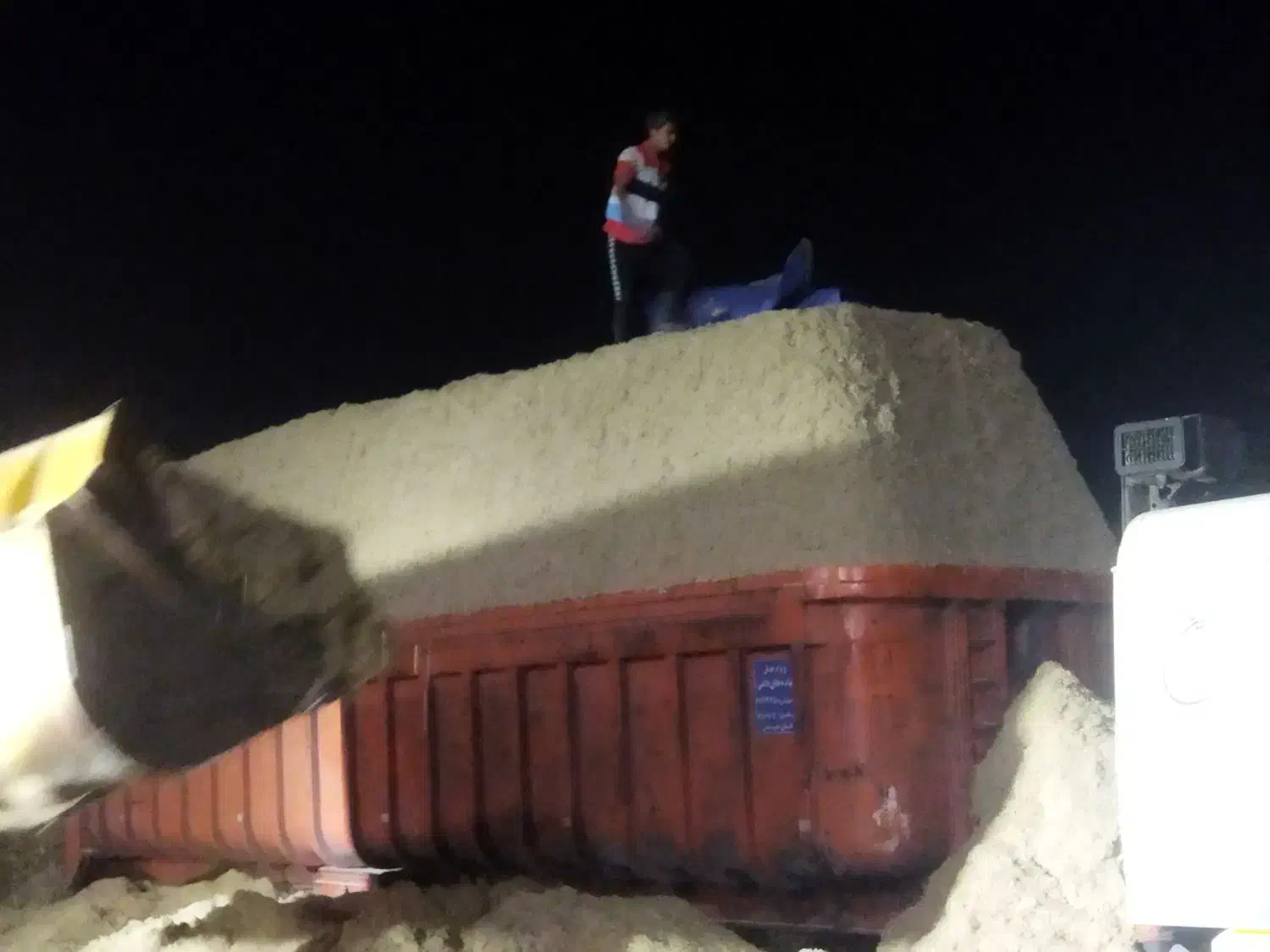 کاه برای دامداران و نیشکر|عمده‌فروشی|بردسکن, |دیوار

==

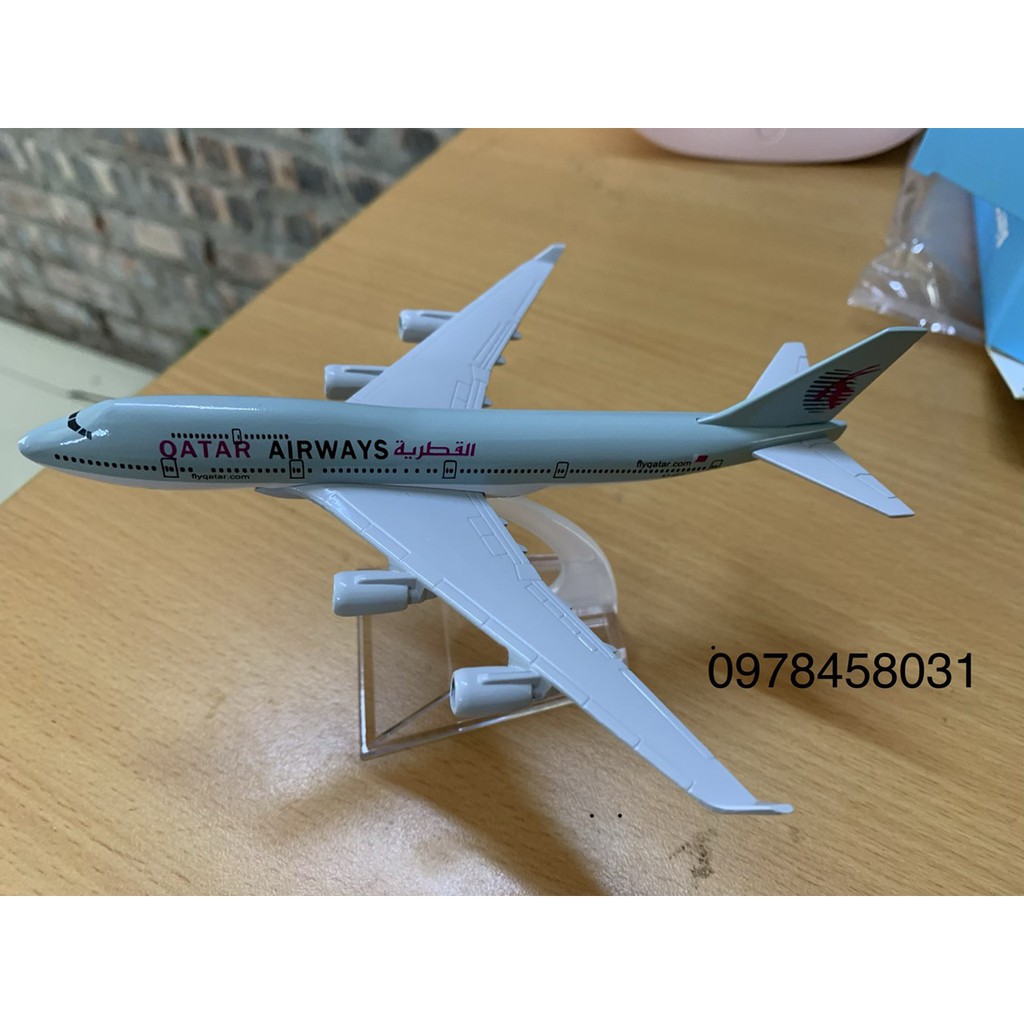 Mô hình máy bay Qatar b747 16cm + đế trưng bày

---

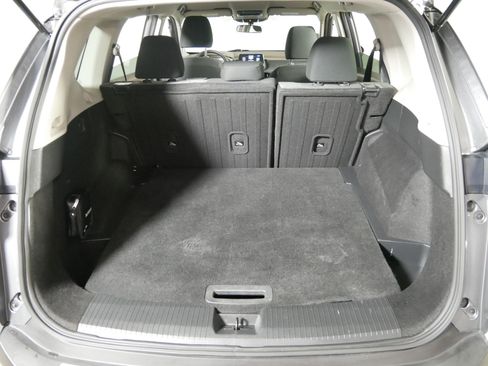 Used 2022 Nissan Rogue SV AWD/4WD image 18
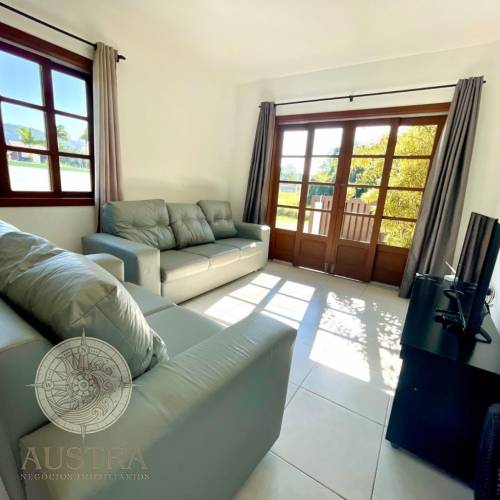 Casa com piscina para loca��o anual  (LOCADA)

HOW TO COMPLETE THIS TASK: Using the material above, transcribe exactly the lines from the one holding "Used 2022 Nissan Rogue SV AWD/4WD image 18" to the one holding "Casa com piscina", both ends kept. Do not carry over any pictures.

SOLUTION TO THIS TASK:
 Used 2022 Nissan Rogue SV AWD/4WD image 18
 Casa com piscina para loca��o anual  (LOCADA)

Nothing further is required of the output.